- Ramprasad Rai Location in Koshi Province Ramprasad Rai Ramprasad Rai (Nepal)
- Coordinates: 27°03′55″N 87°00′27″E﻿ / ﻿27.0654°N 87.0074°E
- Province: Koshi Province
- District: Bhojpur
- Wards: 8
- Established: 10 March 2017

Government
- • Type: Village executive
- • Chairperson: Mr. Vijay Rai (NCP)
- • Vice-chairperson: Mrs. Samjhana Rai (NCP)

Area
- • Total: 158.83 km^{2} (61.32 sq mi)

Population (2011)
- • Total: 18,894
- • Density: 118.96/km^{2} (308.10/sq mi)
- Time zone: UTC+5:45 (Nepal Standard Time)
- Website: official website

= Ramprasadrai Rural Municipality =

Ramprasad Rai (रामप्रसादराई) is one of seven rural municipalities of Bhojpur District of Koshi Province of Nepal. Of the nine municipalities in Bhojpur District, two are urban and seven are rural.

The municipality is situated in south-west area of the district. The municipality got its name after Ram Prasad Rai who was a democratic warrior.

Ramprasadrai has an area of 158.83 km2 and total population of the municipality is 18894 as of Census of Nepal 2011. The municipality is divided into eight wards.
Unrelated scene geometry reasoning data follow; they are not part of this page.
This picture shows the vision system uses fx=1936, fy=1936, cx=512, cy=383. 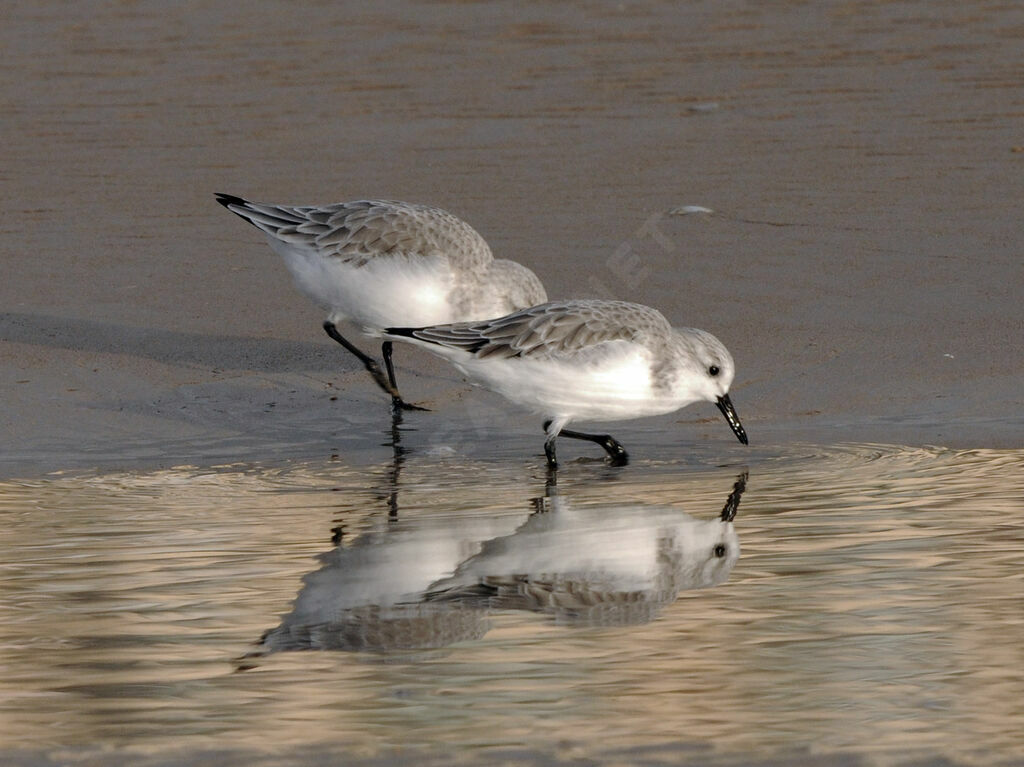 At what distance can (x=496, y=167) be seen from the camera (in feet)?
46.1

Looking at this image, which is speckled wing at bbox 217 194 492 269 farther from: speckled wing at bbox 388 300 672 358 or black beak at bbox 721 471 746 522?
black beak at bbox 721 471 746 522

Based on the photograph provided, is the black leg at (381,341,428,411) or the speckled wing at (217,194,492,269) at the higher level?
the speckled wing at (217,194,492,269)

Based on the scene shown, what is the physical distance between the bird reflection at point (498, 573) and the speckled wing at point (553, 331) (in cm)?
94

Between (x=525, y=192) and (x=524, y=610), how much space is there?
772 cm

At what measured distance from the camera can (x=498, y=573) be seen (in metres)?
6.51

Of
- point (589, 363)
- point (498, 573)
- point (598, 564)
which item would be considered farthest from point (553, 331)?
point (498, 573)

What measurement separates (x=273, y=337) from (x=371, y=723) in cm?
626

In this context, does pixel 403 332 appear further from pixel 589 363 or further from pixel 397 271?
pixel 397 271

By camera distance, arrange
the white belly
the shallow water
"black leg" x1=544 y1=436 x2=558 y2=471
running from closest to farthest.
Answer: the shallow water → the white belly → "black leg" x1=544 y1=436 x2=558 y2=471

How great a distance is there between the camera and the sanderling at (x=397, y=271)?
384 inches

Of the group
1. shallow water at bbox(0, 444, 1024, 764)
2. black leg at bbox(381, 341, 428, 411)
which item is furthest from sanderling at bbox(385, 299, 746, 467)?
black leg at bbox(381, 341, 428, 411)

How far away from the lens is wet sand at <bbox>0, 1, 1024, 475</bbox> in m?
9.77

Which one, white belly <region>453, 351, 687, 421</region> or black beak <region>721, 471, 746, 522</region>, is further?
white belly <region>453, 351, 687, 421</region>

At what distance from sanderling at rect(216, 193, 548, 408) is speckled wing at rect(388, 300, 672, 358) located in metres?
1.14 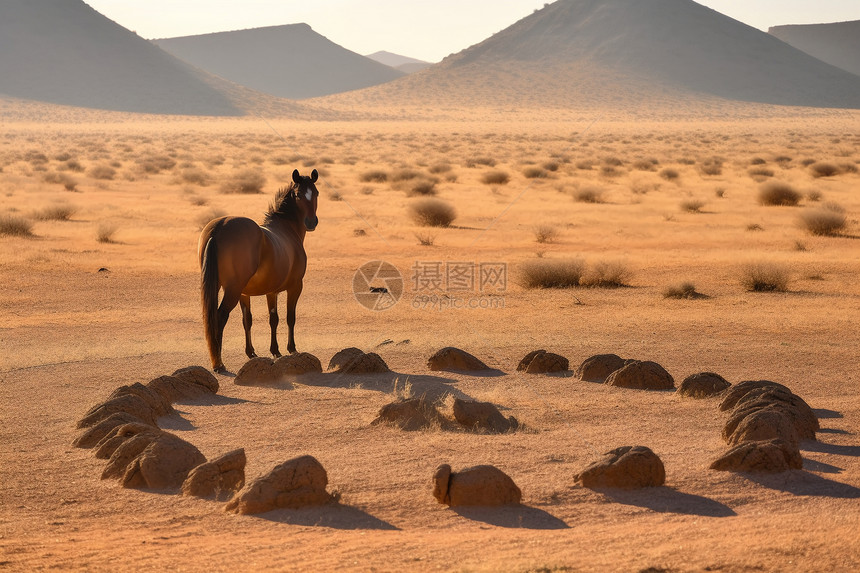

Okhre, Dhodalekhani, Bhulke, Dalgaun, Manebhanjyang, Baikunthe and Basikhola were Incorporated when this new local level body was forming. This new local level body was formed on 10 March 2017, fulfilling the requirement of the new Constitution of Nepal 2015, Ministry of Federal Affairs and Local Development replaced all old VDCs and Municipalities into 753 new local level body (Municipality).